RAW DATA:

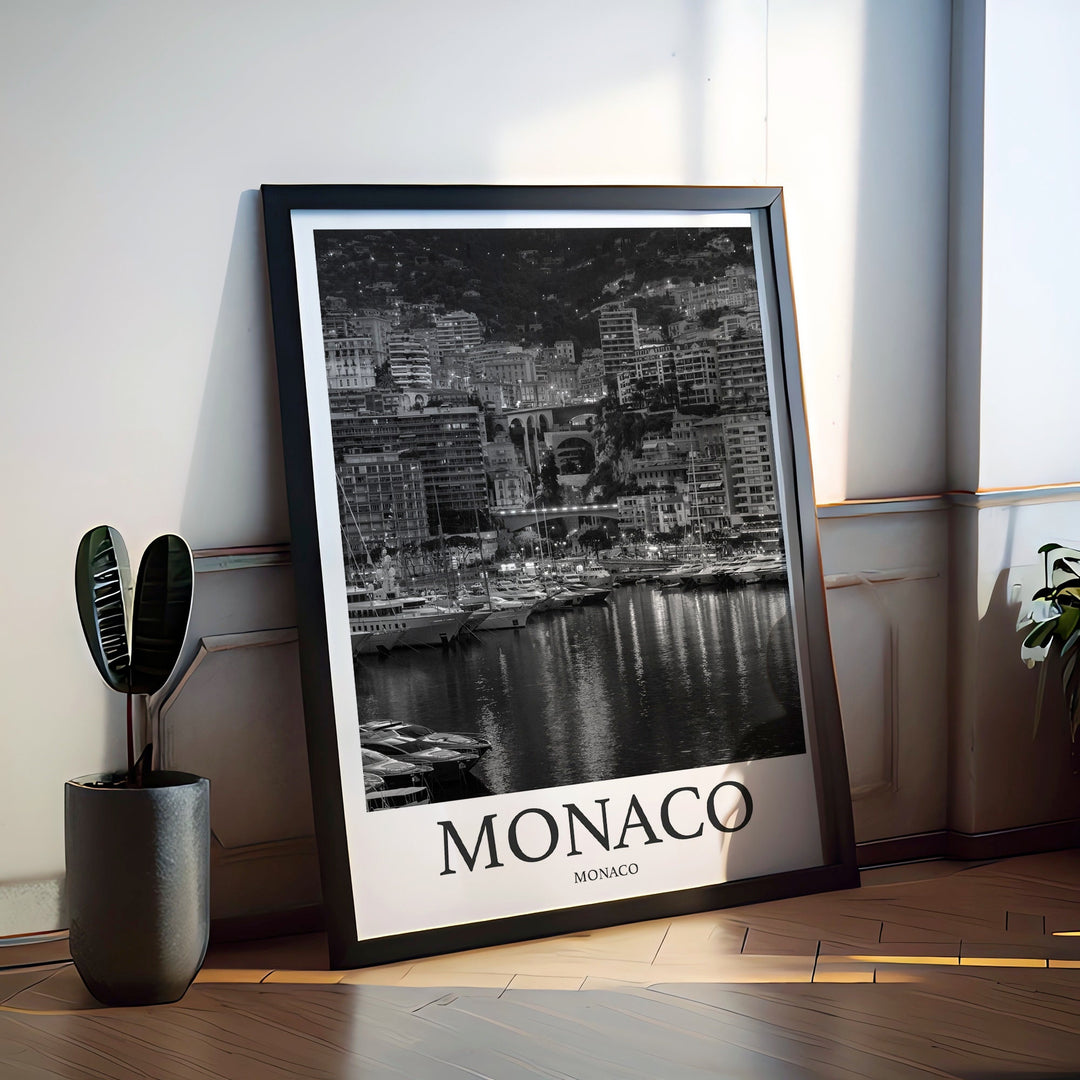 Monaco Photo Print of Monaco Travel Photo Hanging Decor Photo Travel Art Gift For Travel Artwork Wall Art Framed Photo Travel
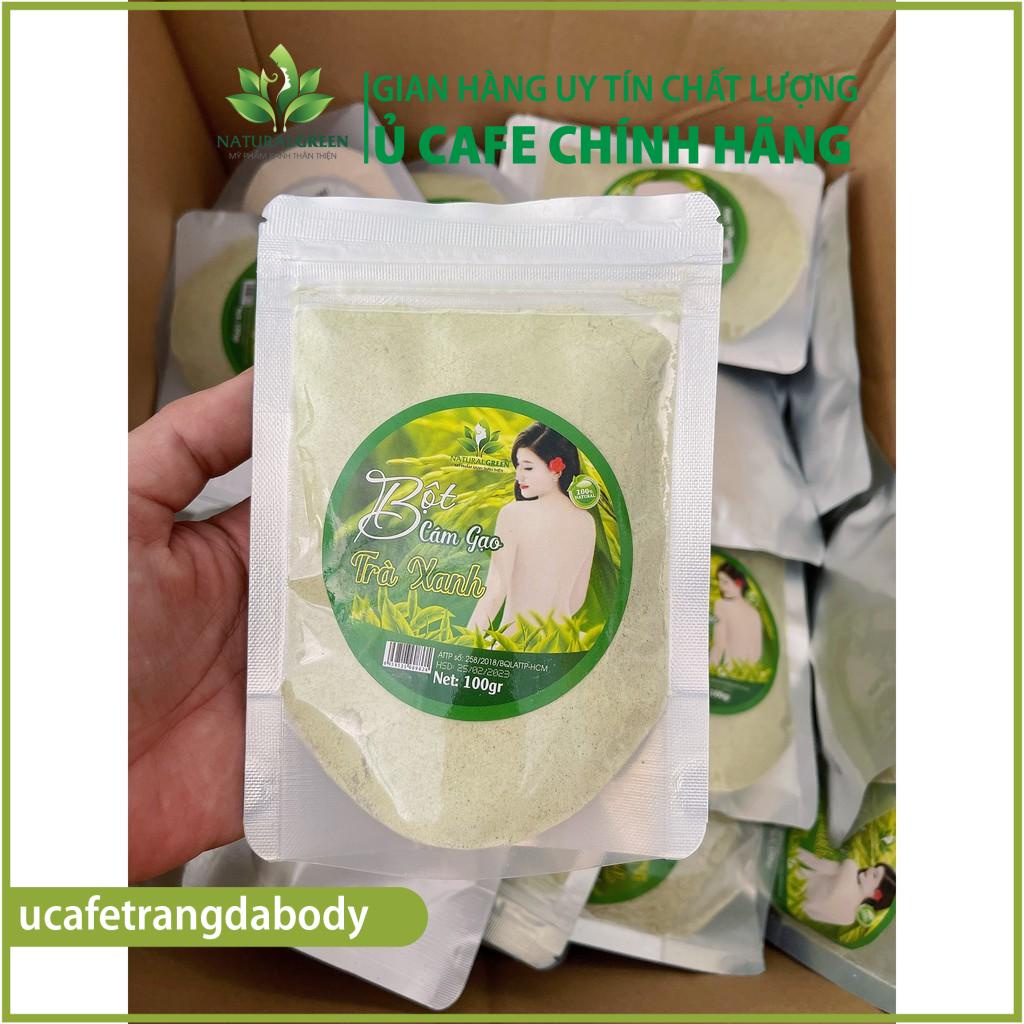 Gói 100gr tinh bột cám gạo trà xanh kích trắng,ủ trắng face & body chính hãng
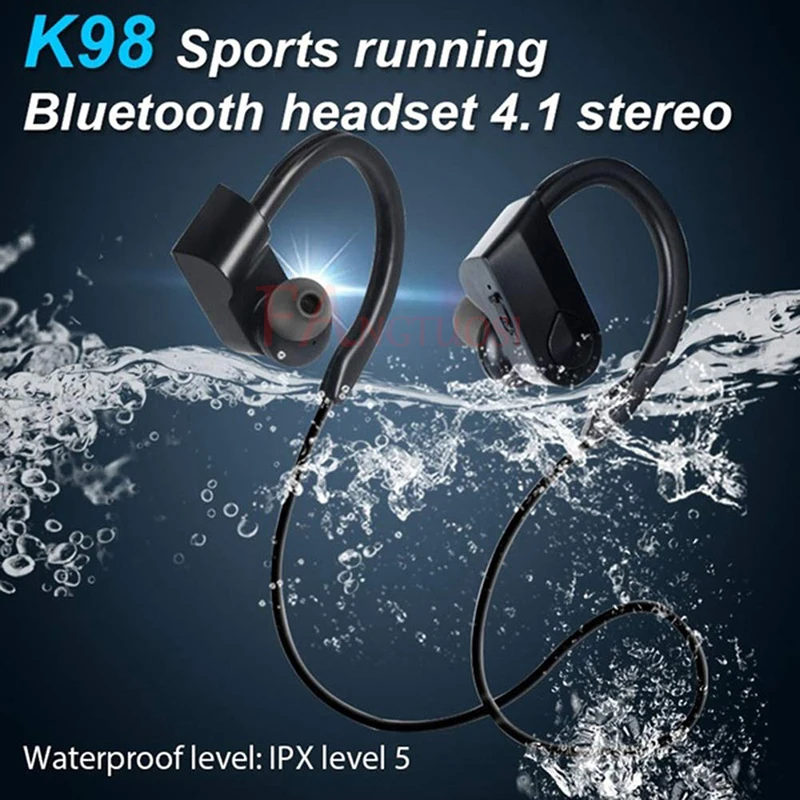 FANGTUOSI K98 Wireless Bluetooth Earphone Stereo Sport Running Headset with mic Handsfree Ear hook Earphones For Samsung Xiaomi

PROBLEM TO WORK ON: Write the lines out word for word, starting at the one with "Gói 100gr tinh" and stopping after the last line of the material above, with pictures excluded.

EXERCISE RESULT:
 Gói 100gr tinh bột cám gạo trà xanh kích trắng,ủ trắng face & body chính hãng
 FANGTUOSI K98 Wireless Bluetooth Earphone Stereo Sport Running Headset with mic Handsfree Ear hook Earphones For Samsung Xiaomi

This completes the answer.